As we’ve mentioned before, our schedule of educational programming includes 9 tracks of themed content from across the spectrum of what writers need to know and want to celebrate. Our Genre offerings for this year take up two of those tracks: one for beginners and novices, the other for intermediate and professional writers. And the lineup, if we do say so ourselves, is excellent.
It doesn’t matter what kind of book you write, it won’t be a great book if you don’t know the basics of your craft. Thinking otherwise is like believing you can build a good house without knowing basic carpentry. Whether you need to learn the very basics, or you’re looking to polish a few blemished pages of your fourteenth manuscript, our faculty has just the thing you need.
Willamette Writers Conference stalwarts Larry Brooks and Eric Witchey will teach classes at both levels. Larry offers his world-class insight on the larger structure of your writing, with Eric showing you how he works his magic with individual scenes.
Famed and familiar fantasy writer Kay Kenyon will offer help at the center with presentations on “The Glorious Middle,” and stellar author of page and screen Steven Barnes discusses how to apply the structure of story to creating the story with “Lifewriting for Writers.”

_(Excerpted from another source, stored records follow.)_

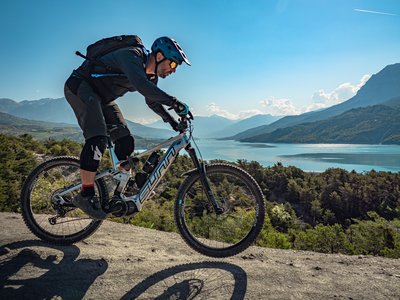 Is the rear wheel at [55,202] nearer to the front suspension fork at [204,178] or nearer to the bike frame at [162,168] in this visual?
the bike frame at [162,168]

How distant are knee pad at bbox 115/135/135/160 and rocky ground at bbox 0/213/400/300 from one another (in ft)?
4.88

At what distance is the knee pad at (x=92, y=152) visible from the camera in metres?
3.89

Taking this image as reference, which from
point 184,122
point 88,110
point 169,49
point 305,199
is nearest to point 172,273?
point 184,122

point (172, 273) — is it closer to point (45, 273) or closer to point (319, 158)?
point (45, 273)

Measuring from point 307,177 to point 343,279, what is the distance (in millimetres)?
41587

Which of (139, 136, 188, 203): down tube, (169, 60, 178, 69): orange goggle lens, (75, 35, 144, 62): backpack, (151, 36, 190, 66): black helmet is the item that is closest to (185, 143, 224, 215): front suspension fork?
(139, 136, 188, 203): down tube

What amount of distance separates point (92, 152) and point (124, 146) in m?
0.67

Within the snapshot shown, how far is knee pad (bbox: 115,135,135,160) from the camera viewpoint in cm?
445

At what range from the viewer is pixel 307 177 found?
42.3 metres

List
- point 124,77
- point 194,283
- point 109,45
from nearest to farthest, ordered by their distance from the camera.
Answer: point 194,283 < point 109,45 < point 124,77

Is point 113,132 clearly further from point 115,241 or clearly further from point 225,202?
point 225,202

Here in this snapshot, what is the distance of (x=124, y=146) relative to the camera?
4.48 metres

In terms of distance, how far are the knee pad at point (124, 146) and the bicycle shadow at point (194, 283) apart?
6.26 feet

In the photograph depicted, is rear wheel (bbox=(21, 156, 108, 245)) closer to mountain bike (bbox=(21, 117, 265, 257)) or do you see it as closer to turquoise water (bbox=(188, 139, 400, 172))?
mountain bike (bbox=(21, 117, 265, 257)) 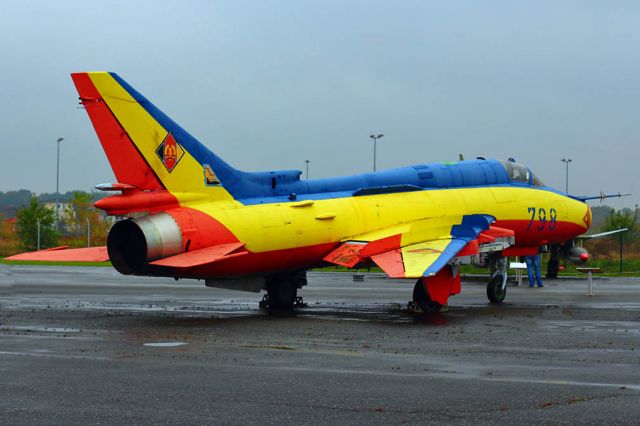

You’ll also find offerings for solving some of the stickiest challenges for writers of every stripe. Alaya Dawn Johnson, bestselling author of the Zephyr Hollis novels among many others, teaches us about mastering timeline shifts, and the necessary abandonment of your favorite characters and themes. Marilyn Atlas will guide you through “Navigating Emotional Corridors” while urban fantasy giant Craig English helps you build a character readers can’t help but love (or hate), and on the process of successful co-authoring. Carolyn Wright, Pacific Northwest poet extraordinaire, will lead a workshop on using verse to inform your writing and make it sing.
Our very own Cynthia Whitcomb and Debby Dodds are also taking the stage. Cynthia will be teaching a class on dialogue for screenwriters and novelists, while Debby offers advice of bringing humor to comedic and serious novels alike.
You want panels? We got your panels right here: a strong lineup with multiple voices from top professionals in the field.
Our genre track panels start with “Write the Perfect Query Letter,” an eponymous panel where agents from all over North America teach you how to not let your letter writing get in the way of publishing a beautifully writing book. “Help! Solve My Problem” gives you a chance to ask a carefully assembled expert ensemble how to fix the biggest challenges to your writing success. We’ll close Friday with an important discussion of diverse voices in the writing world: what’s been happening, how it’s changing, and what you can do about it as a writer. Finally, we bring a handful of grizzled writing veterans together for a talk called “Making Mistakes So You Don’t Have To,” where they share the biggest hiccups and pratfalls of their own career.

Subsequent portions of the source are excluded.